Car drivers also were subject to steep new tolls, which led to an AAA lawsuit that seeks to reverse them (10-10, p. 4).

The New Jersey Motor Truck Association “begged” New Jersey Sen. Frank Lautenberg (D) to request the GAO inquiry of the authorities, said NJMTA executive director Gail Toth.

“They’re all little fiefdoms; they’re all out of control, and they’re all asking for excessive toll increases and . . . misspending our money,” Toth said.

In March, Lautenberg wrote the GAO, saying that public concerns over the toll rates “illustrate the importance of ensuring that interstate compacts remain accountable” to the terms under which Congress established them.

Besides the New York-New Jersey port authority, the GAO will look at the Delaware River Port Authority, which operates the four tolled bridges linking southern New Jersey to the Philadelphia metropolitan area: the Benjamin Franklin, Walt Whitman, Commodore Barry and Betsy Ross bridges.

In March, New Jersey State Comptroller Matthew Boxer completed a report on that authority and said, “In nearly every area we looked at, we found people who treated the DRPA like a personal ATM, from DRPA commissioners to private vendors to community organizations.”

Boxer also said that the authority already had begun addressing some of those problems.

Tim Ireland, DRPA’s director of communications, told Transport Topics, “We intend to accommodate the GAO in any way we possibly can, and we look forward to their interest.”

Ireland also said the GAO indicated it wants “to talk about the deliberations leading up to toll increases” and what things the bi-state compact agencies do to “promote transparency.”

The third tolling agency in the GAO study is the Delaware River and Bay Authority, which operates the Delaware Memorial Bridge between Delaware and New Jersey.

The fourth toll authority subject to the GAO inquiry is the Delaware River Joint Toll Bridge Commission, which operates 20 bridges — seven of them tolled — linking New Jersey and Pennsylvania from north of Philadelphia to the New York state line.

The GAO letter asked “staff to assist them . . . we intend to be cooperative,” said commission spokesman Joe Donnelly.

Three commission bridges carry traffic across the river for interstate highways 78, 80 and 95.

The interstate authorities may have attracted federal attention, but they’re not the only tolling entities coming under public criticism.

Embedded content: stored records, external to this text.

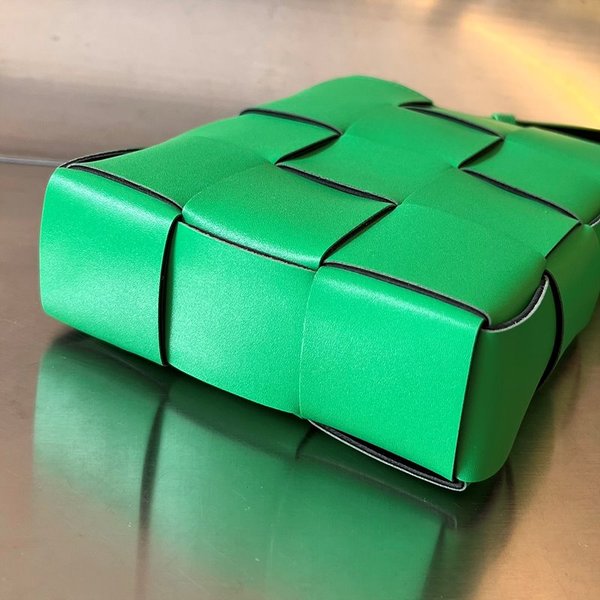 보테가베네타 카세트 미니 크로스바디백 [매장가 220만원대]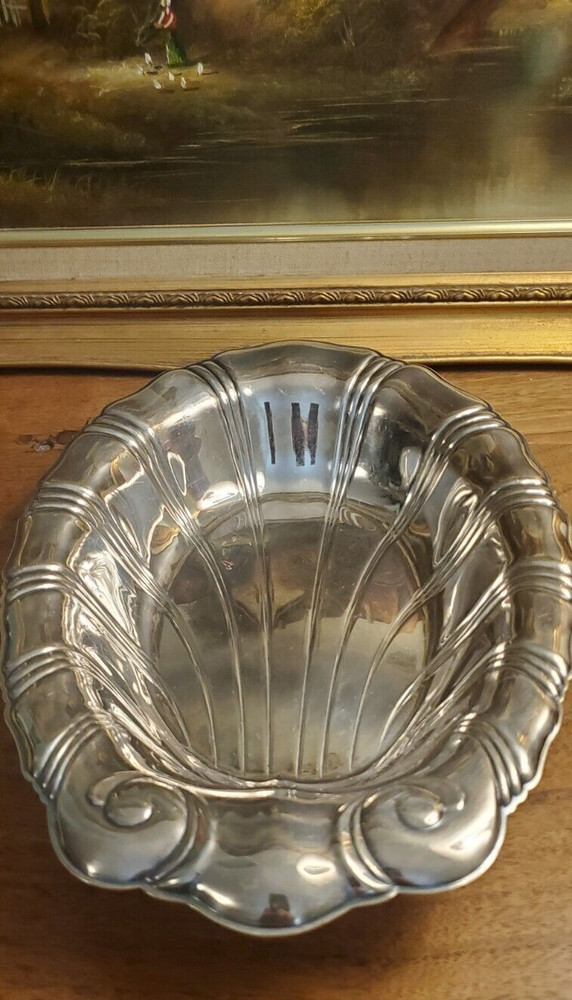 Vintage Silverplate Oval Vegetable Bowl International Neptune Pattern Shell Form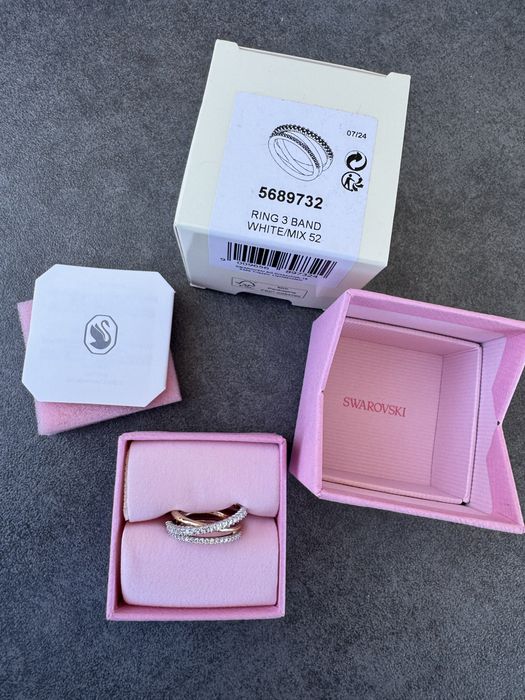 Bijuteri Swarovski noi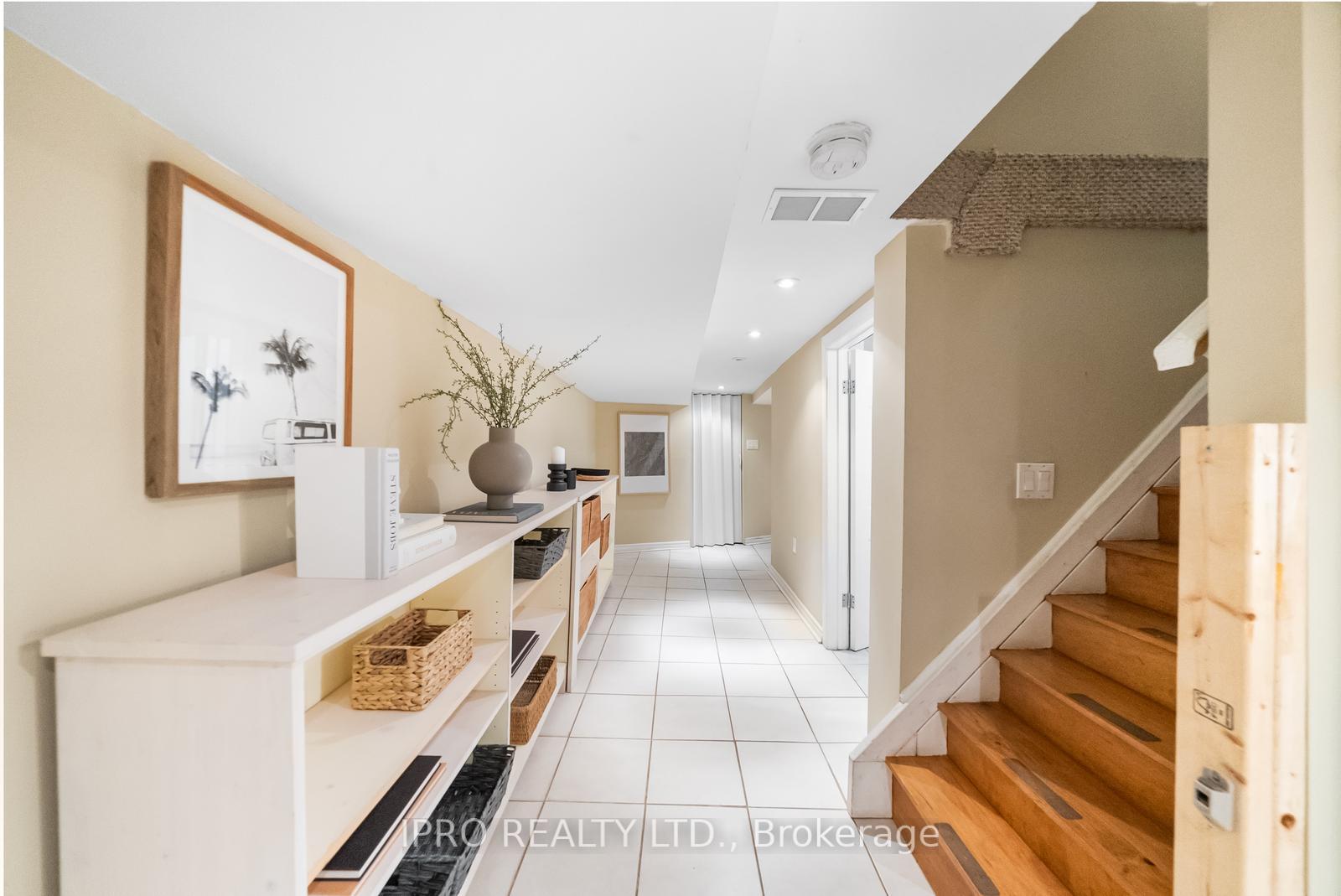 Photo 23 of 742 Richmond Street W, Toronto, Niagara — HOMEH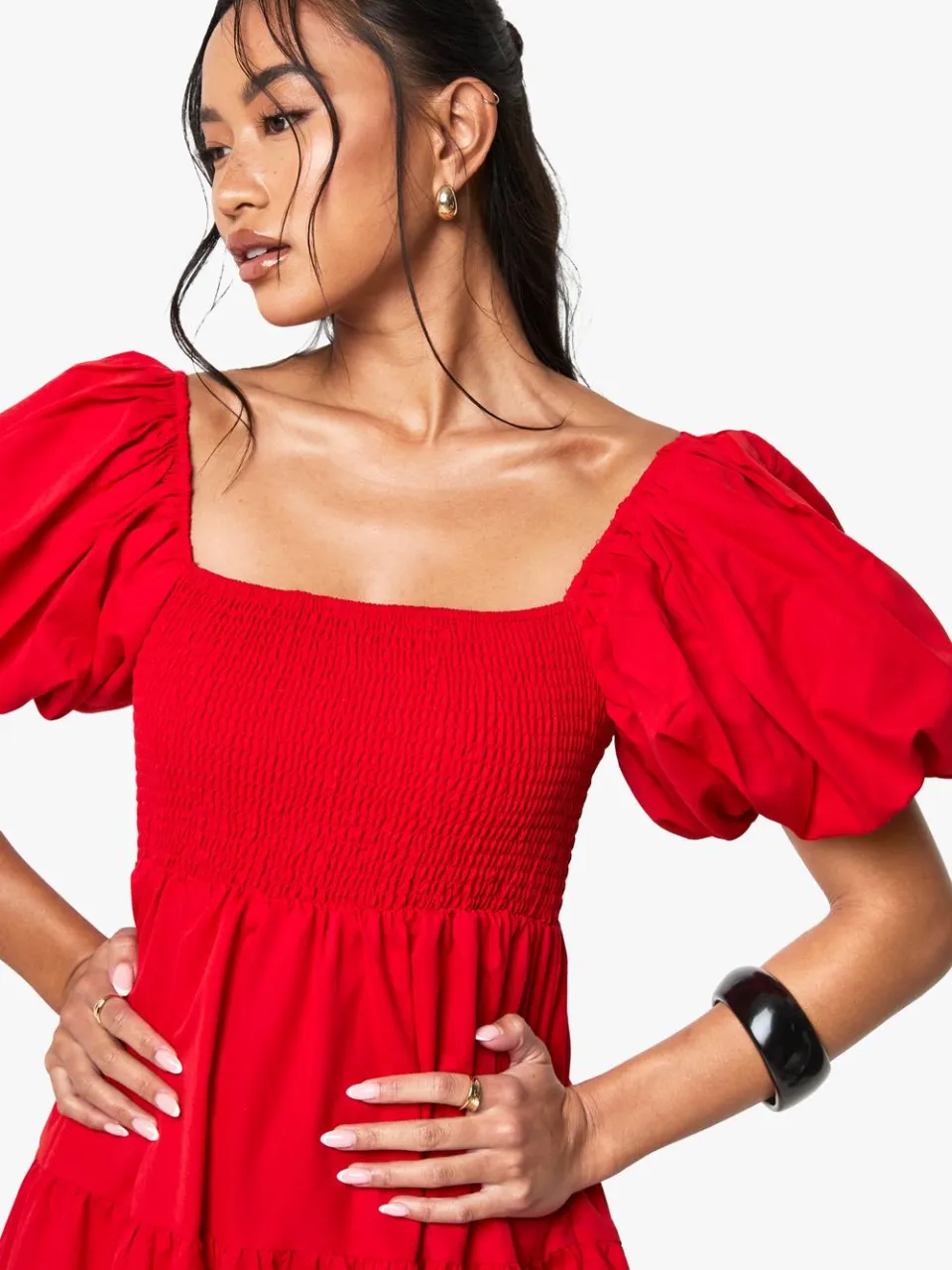 boohoo Dames Gelaagde geplooide Midaxi smockjurk rood, foto 2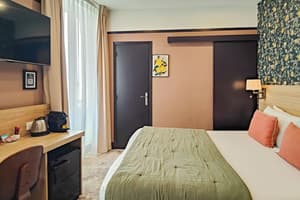 thumbnail: Room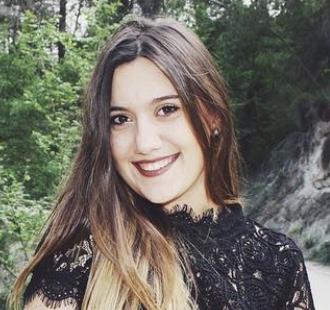 Profesora imparte clases para niños y niñas hasta 1 de la eso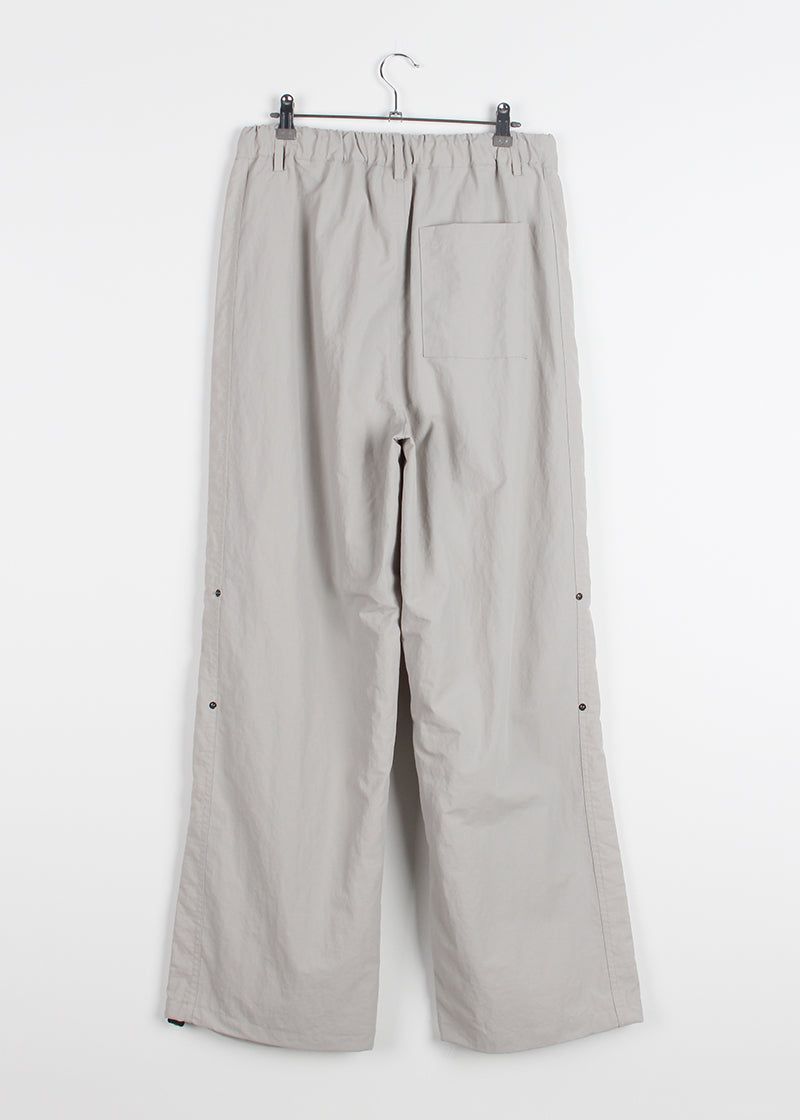 RIVET PINTUCK PANTS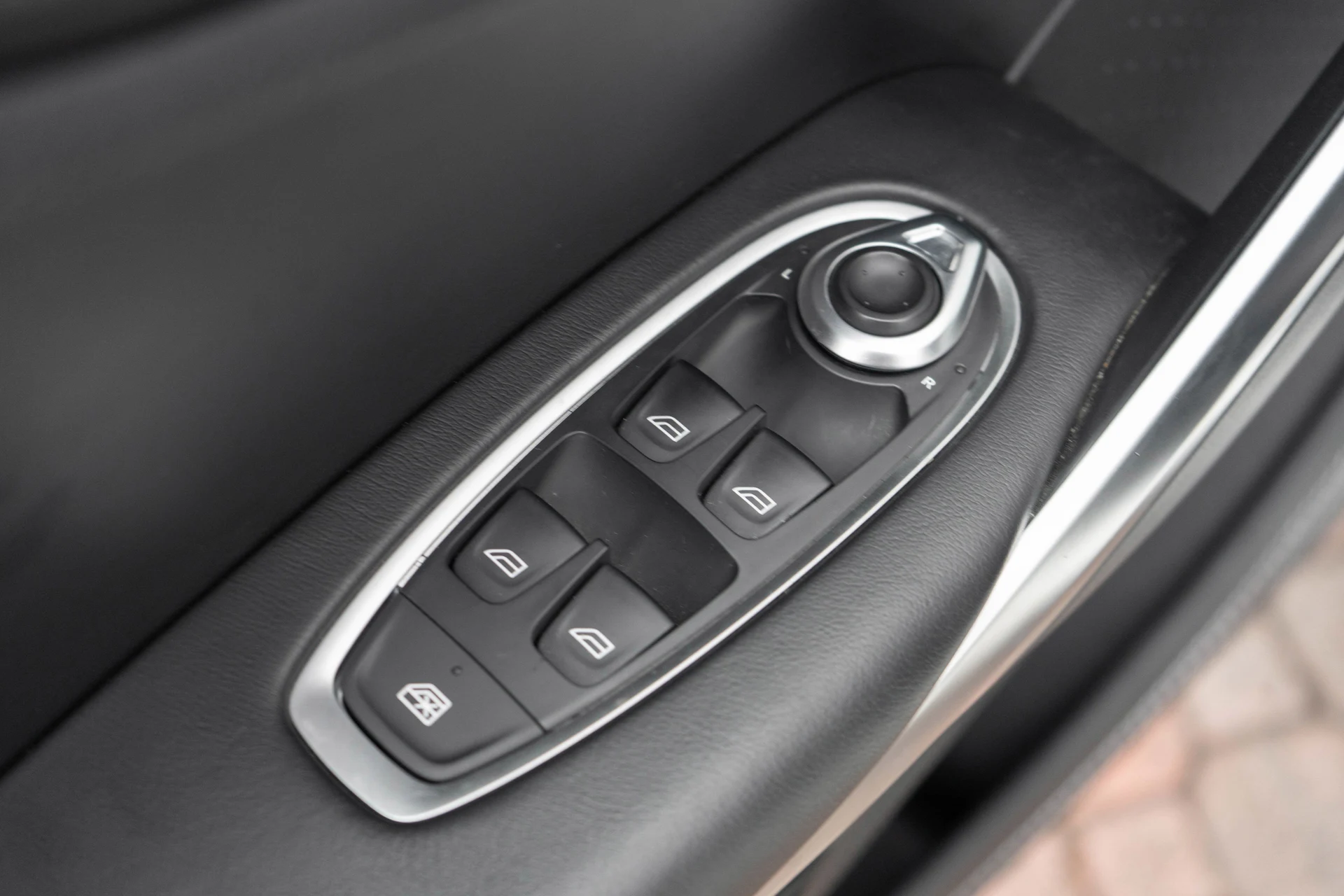 mph014_415155691_15_4a346aa993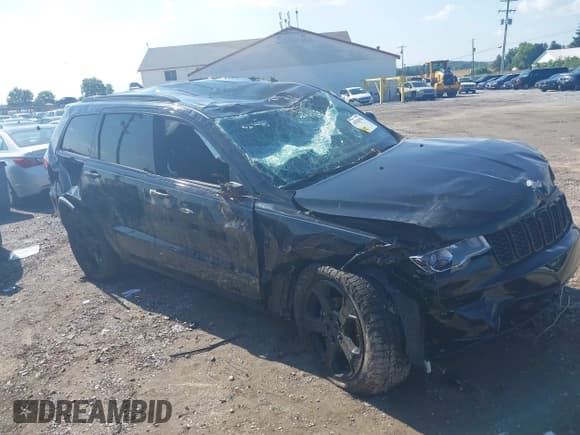 ✅ 2019 Jeep Grand Cherokee Upland • VIN: 1C4RJFAG7KC697607 • Lot: 42532518. Listed on IAAI with 68,558 mi. Free auction sales archive from the USA and detailed vehicle history report at DreamBid. Image 1.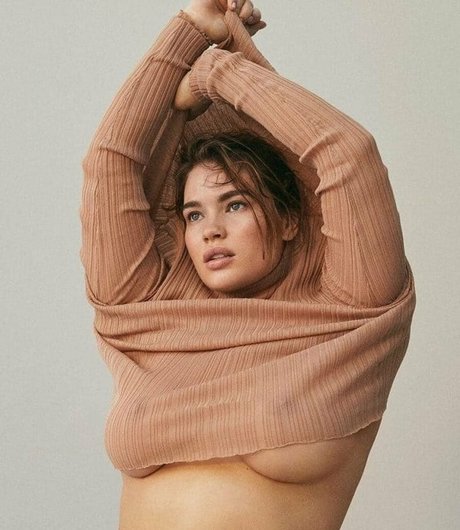 Naken läckt OnlyFans-bild av Tara Lynn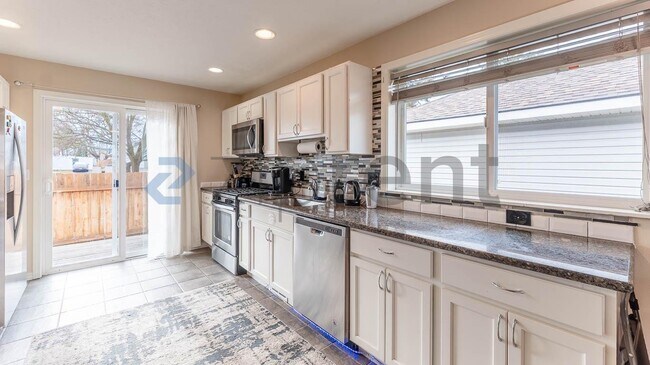 Building Photo - 7125 N Crestline St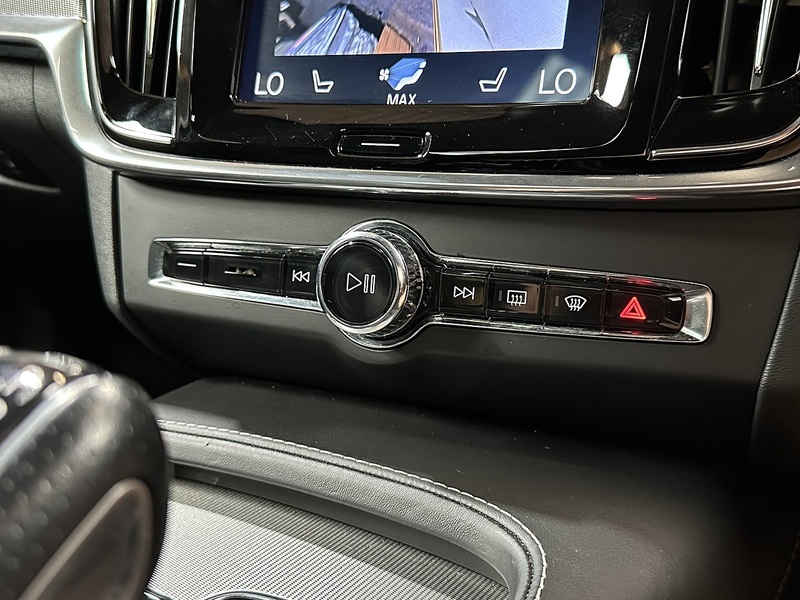 Volvo V90 D5 PowerPulse R-Design Pro - U1444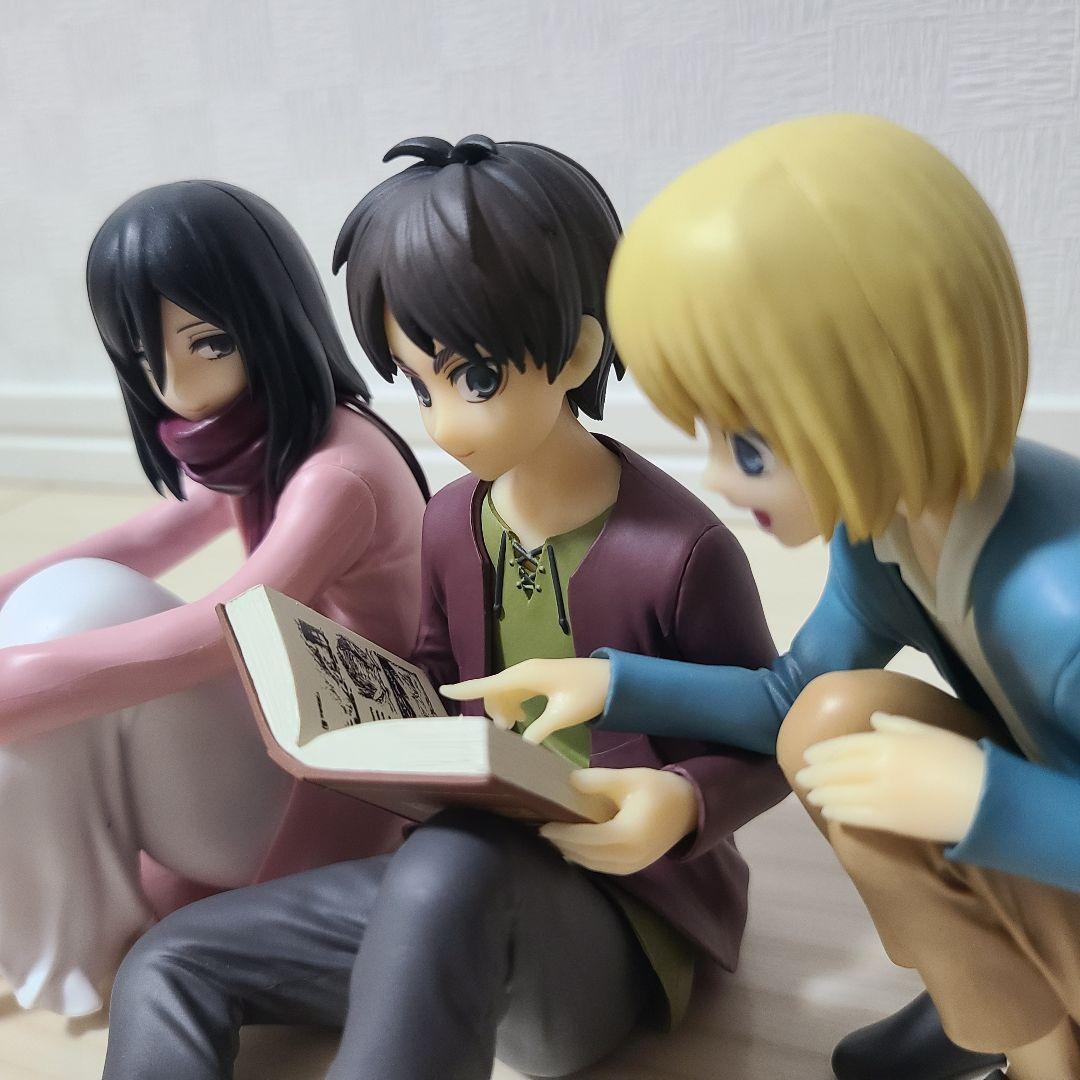 一番くじ 進撃の巨人 エレン&ミカサ&アルミン フィギュア - メルカリ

The New York State Thruway Authority announced in May it wants to raise tolls 45% on trucks only — a move called “inexcusable” by American Trucking Associations and several other trade groups, from manufacturers to farmers and foresters.

In a July 24 letter to New York Gov. Andrew Cuomo (D), the trade groups said the toll proposal does “not address the long and well-documented history of financial mismanagement” at the authority that led to “this ill-conceived plan to mandate a bailout from the trucking industry” and business sectors that rely on trucks.

Meanwhile, in Maine, the state’s turnpike authority is proposing toll increases that could see the toll on a 5-axle truck rise almost 50% — from $19.20 to $28.70.

“The reason for additional revenue is understandable,” said Brian Parke, president of the Maine Motor Transport Association. “They have to pay off bonds, and they have financial obligations that we understand.”

But truckers are working with the turnpike in an effort to reduce the increase and, perhaps, get it phased in, so carriers have time to adjust shipping contracts.

In Virginia, meanwhile, ATA, the Virginia Trucking Association and Natso, which represents truck stop operators, announced July 23 that they are helping organize a grassroots campaign against a plan by Gov. Bob McDonnell (R) to toll Interstate 95.

Virginia and North Carolina have been accepted into a federal pilot program under which they will apply for federal permission to toll I-95.

In Chicago, the Reason Foundation think tank unveiled a $52 billion proposal on July 19 to put tolls on nearly a dozen roads and tunnels in Chicago.

But in Georgia, Gov. Nathan Deal (R) announced the same day he will end tolling on Georgia State Route 400 next year because the debt incurred against the toll revenues is almost paid.